Péter Márki-Zay follows a failed socialist trend

However, the indifference of the pre-2010 left-liberal bloc to the day-to-day problems of people and economic actors was embodied not only in the implementation of these austerity measures, but also, like Márki-Zay’s current manifestos, in the communication of left-wing politicians. Ferenc Gyurcsány, criticising employers, stated at the meeting of the National Interest Reconciliation Council in 2006 that


“You can leave Hungary! If you please, you can leave us! There! You can go!”

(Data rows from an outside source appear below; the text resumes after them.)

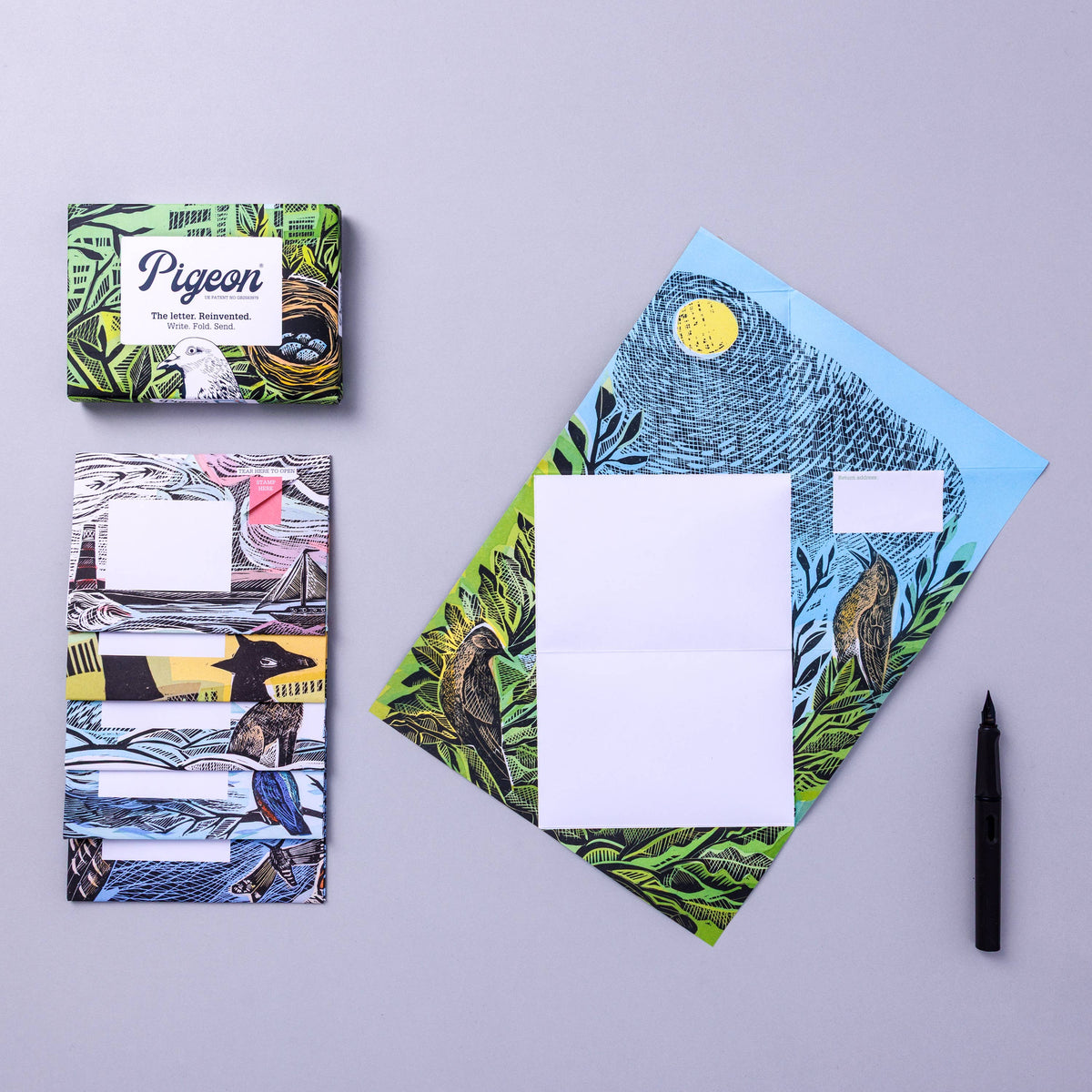 pigeonposted - Wonderfully Wild Pigeon, Nature-inspired Folding Letters x 6
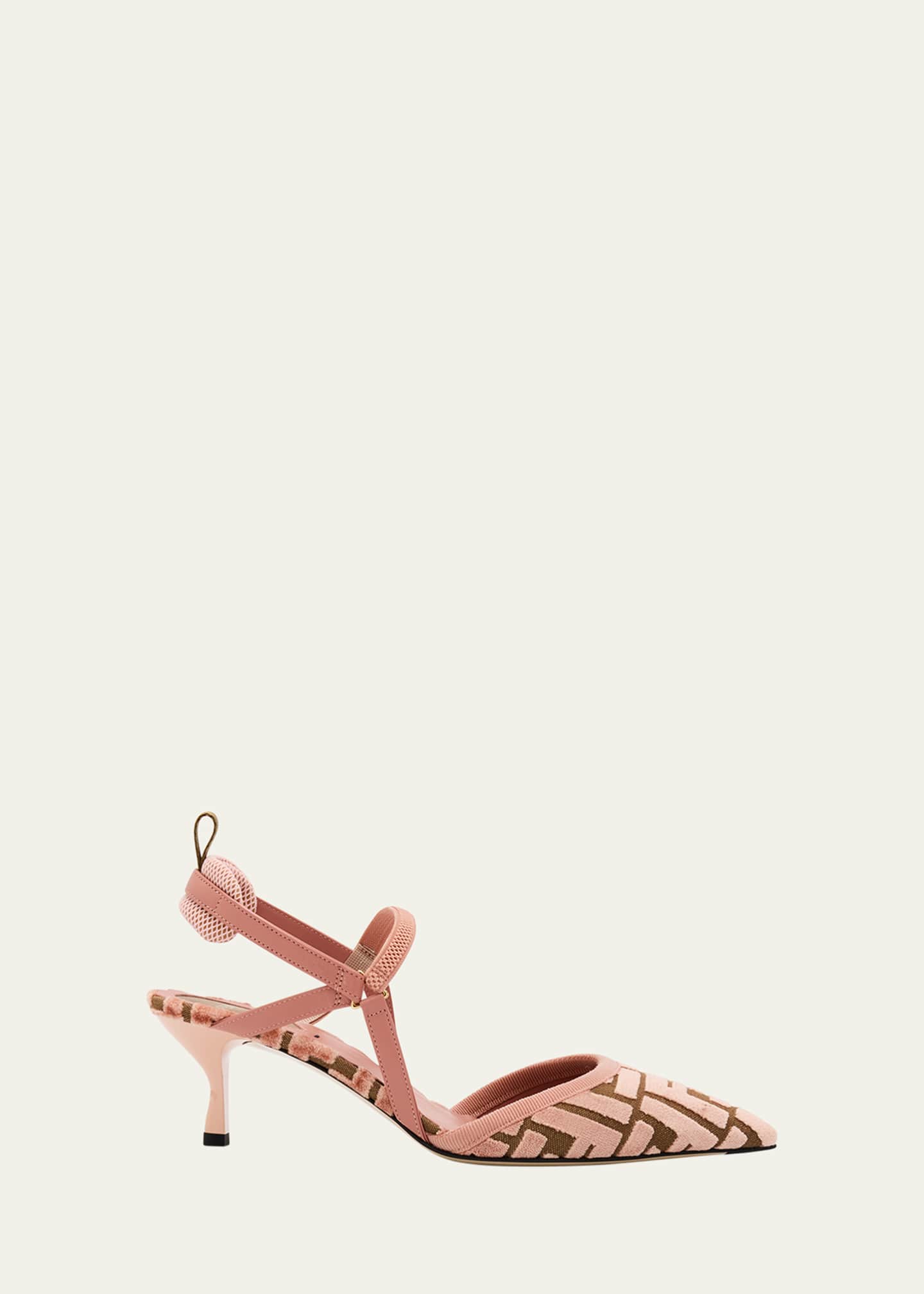Fendi Colibri FF Tapestry Slingback Kitten-Heel Pumps - Bergdorf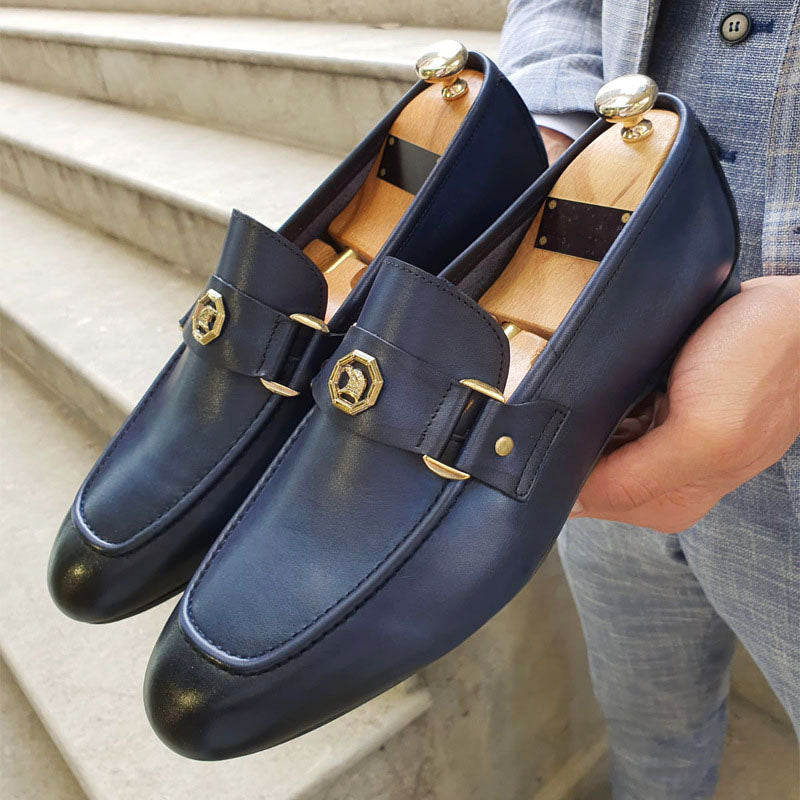 Henry - Men's Classic Leather Strap Dress Loafers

In the same year, János Kóka, former Minister of Economy in the Gyurcsány government, reacted to the dismissal of the employees of the ministry headed by him by saying that “Frogs are not asked about draining the swamp”. Kóka also considered the role of the Hungarian Academy of Sciences that “The fields of the Hungarian Academy of Sciences that do not directly serve competitiveness should be levelled to the ground, because only dusting papers are produced”. It should also be remembered that János Veres, Gyurcsány’s former Minister of Finance, in order to disguise the real economic situation of Hungary, forbade his staff in the ministry to make more precise calculations on the development of budgetary processes before the 2006 parliamentary elections, because he believed it would have become “a political issue”, as “Hungary is such a country”.

Thus, it is clear that regarding


both the proposals,

which would put more and more burden on people and businesses,


and the political style of Márki-Zay are fully in line with the trend followed by the left for decades.

It should also be emphasised that Hungarian voters have rejected the return of the failed socialist policy in three consecutive parliamentary elections since 2010.